“What would have taken your ancestors away from here to go so far away to America?” is the question we hear often as we explore the local countryside! We’ve found many places where our ancestors lived; the Eltons at Croft Cottage, Fromes Hill, Kendricks at Hill House in Bosbury, Philpotts at Starve Crow Cottage, Jenkins at Moorend Cross, Woodcocks in Kempley Green, Philpotts at Green Hill, Cradley and more.
What a thrill to walk the paths they walked and breathe the fresh country air! So many kind people let us photograph and even come inside, to get a feel of those ancestral hearths and homes. What lovely people!

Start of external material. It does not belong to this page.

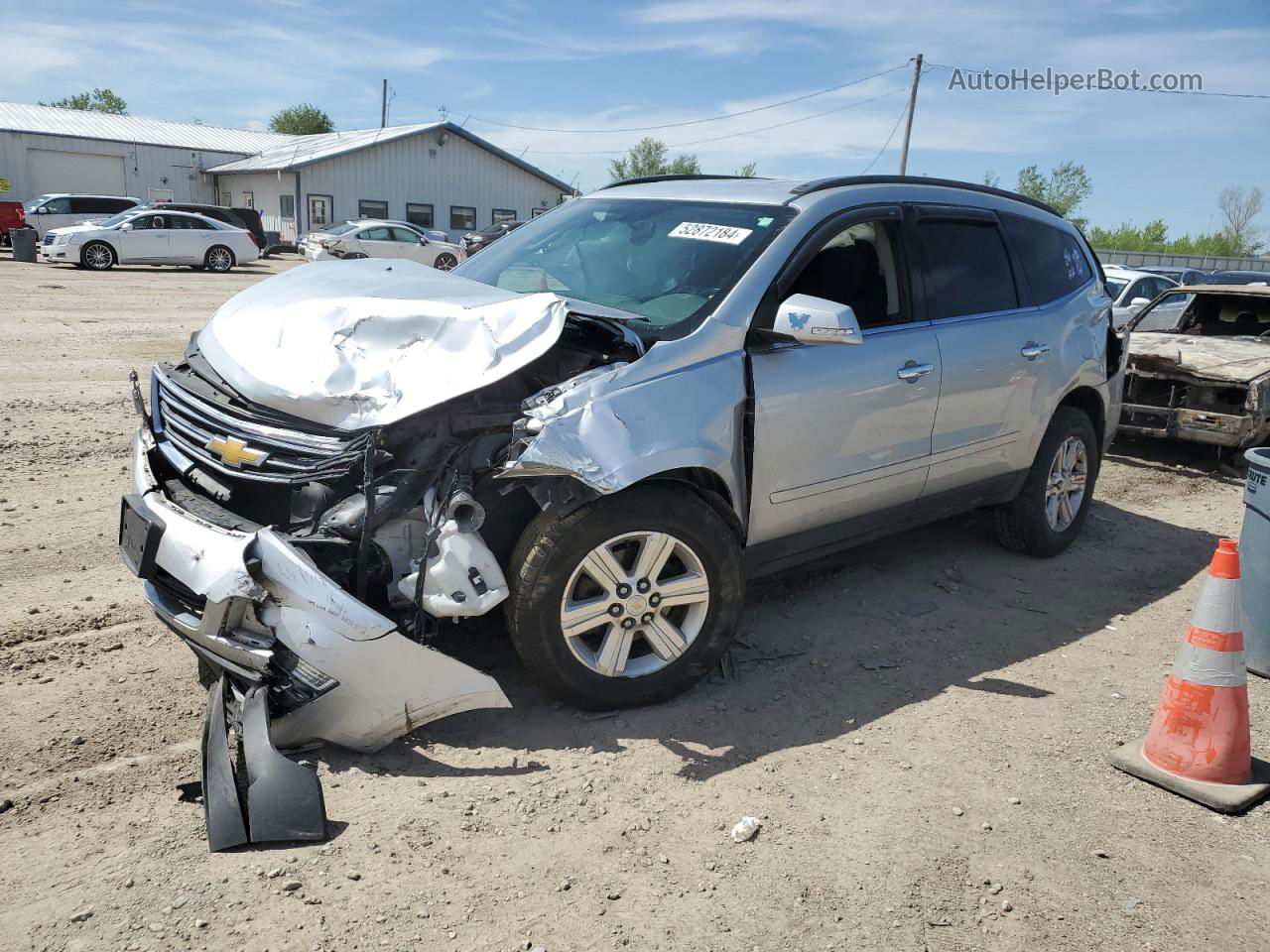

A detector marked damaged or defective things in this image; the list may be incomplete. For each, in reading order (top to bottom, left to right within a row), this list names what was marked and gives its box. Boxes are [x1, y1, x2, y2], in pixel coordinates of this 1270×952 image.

In February we went to Liverpool where thirteen direct ancestors left British shores to sail for America. Most of their families had lived in the same villages for many generations. The story of two ancestors with local ties, Thomas Jenkins and Jane Elton, unravels some of the mystery.

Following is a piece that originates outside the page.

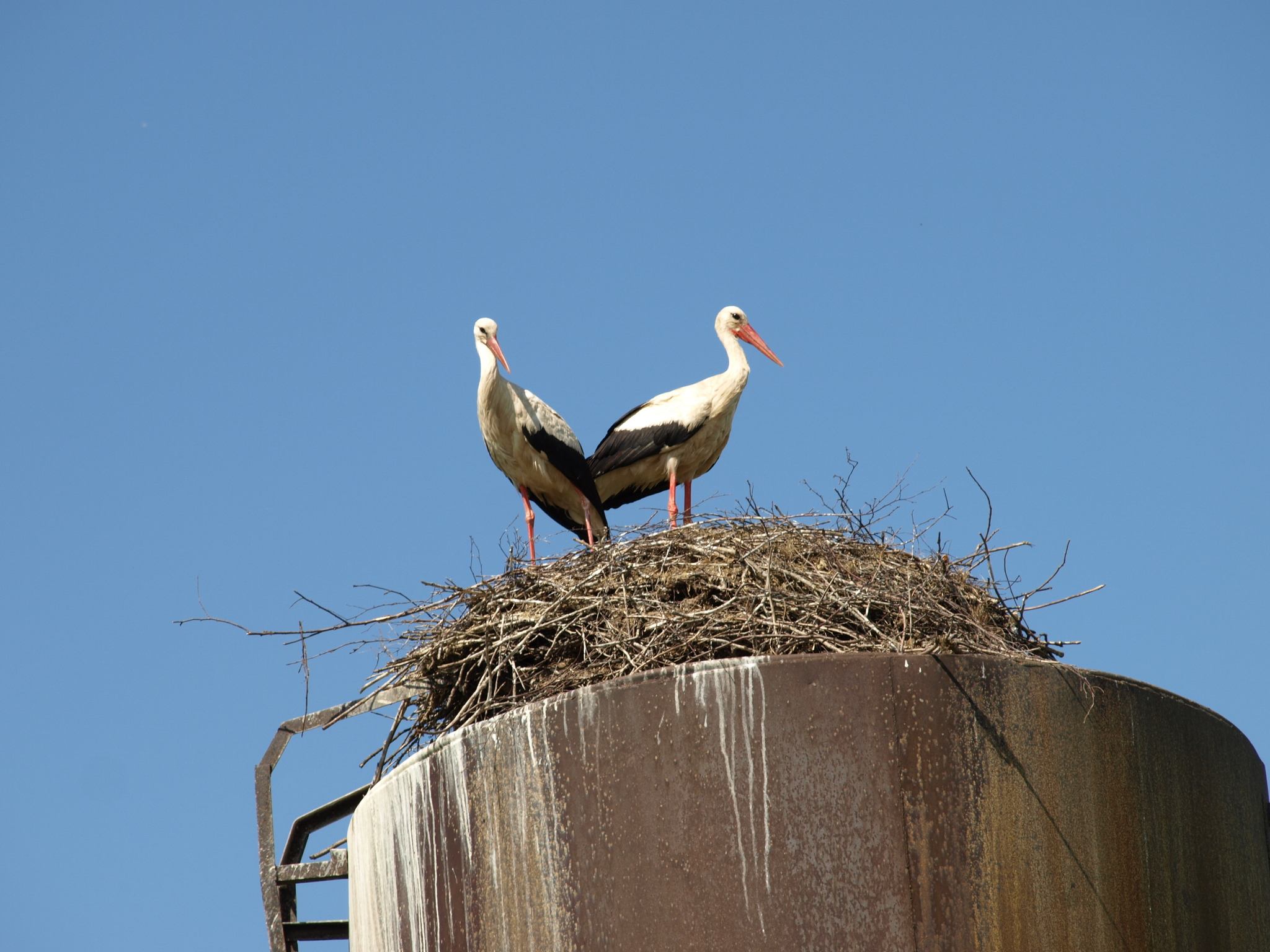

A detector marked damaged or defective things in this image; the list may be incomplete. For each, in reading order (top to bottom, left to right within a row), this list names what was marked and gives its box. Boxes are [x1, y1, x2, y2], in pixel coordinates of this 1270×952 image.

rust stain on metal [345, 659, 1270, 949]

Thomas Jenkins, a skilled thatcher, raised his family in the hamlet of Moorend Cross, Mathon parish. He was a non-conformist Primitive Methodist, but broke off and joined a group calling themselves the United Brethren. They licenced their homes as meeting places and built the Gadfield Elm chapel near Staunton. They sought for the principles and practices of Jesus Christ’s original church.
In March of 1840, they were introduced to Wilford Woodruff, a missionary and Apostle of The Church of Jesus Christ of Latter-day Saints. They talked into the night about the restored Gospel of Jesus Christ with its modern-day Prophets and Apostles. This was what Thomas and his friends were looking for! Six days later, he was baptised by Wilford Woodruff at the Hill Farm pond on a cold spring day, followed by almost all of the 600 United Brethren during the next months. Within a year, over 1800 people in surrounding areas joined the Church. Thomas and his family sailed for America in September 1840. He is my 4th great grandfather through my father’s side of our family.

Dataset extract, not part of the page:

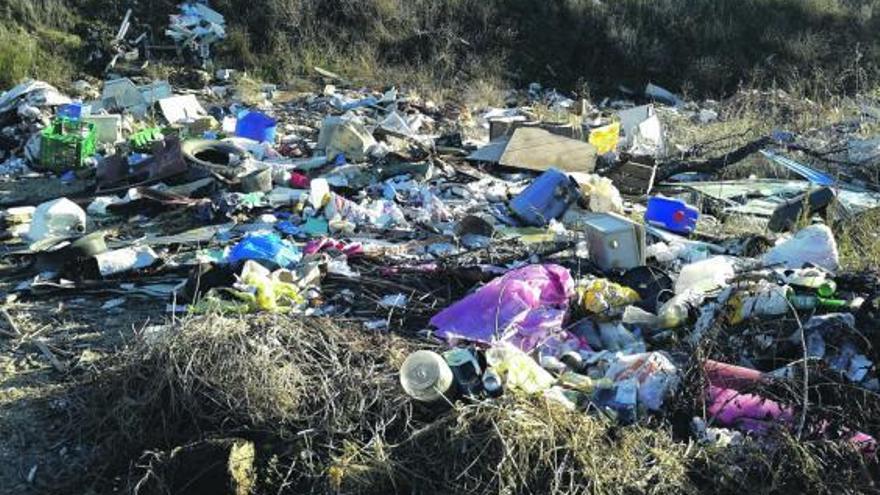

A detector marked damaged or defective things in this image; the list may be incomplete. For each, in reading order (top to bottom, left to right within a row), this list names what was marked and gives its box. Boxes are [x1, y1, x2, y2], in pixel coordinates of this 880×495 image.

torn blue tarp [760, 150, 836, 187]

Jane Elton, from my mother’s side, grew up in Castle Frome. Her brother John worked for John Benbow at Hill Farm. She, too, listened to Wilford Woodruff and was baptised in June 1840. She married a Samuel Philpotts but rather than emigrate Jane stayed behind to take care of her widowed mother.
Her daughter Caroline was widowed young, but married a handsome young widower, John Kendrick, from Bosbury, with three children of his own. He and Caroline had six more children together, the youngest being my grandfather, George Kendrick. As a young boy, he sailed with his family to America, to be with fellow members of the Church.
Those two stories illustrate the answer to the first question, but I gave the shorter answer to a kind man at Moorend Cross last week when he asked, “What would have taken your ancestors away from here to go so far away to America?” I blurted out, “Because of this wonderful church!”
What a great experience for me and my husband to serve for 18 months in this beautiful area as missionaries for The Church of Jesus Christ of Latter-day Saints. There are around 6,200 senior missionaries like us and 75,000 young missionaries serving around the world. What a privilege to come here! We have even met some wonderful second cousins from the Malvern area.
We will return home to our family with many happy memories and connections to our Herefordshire and Worcestershire roots.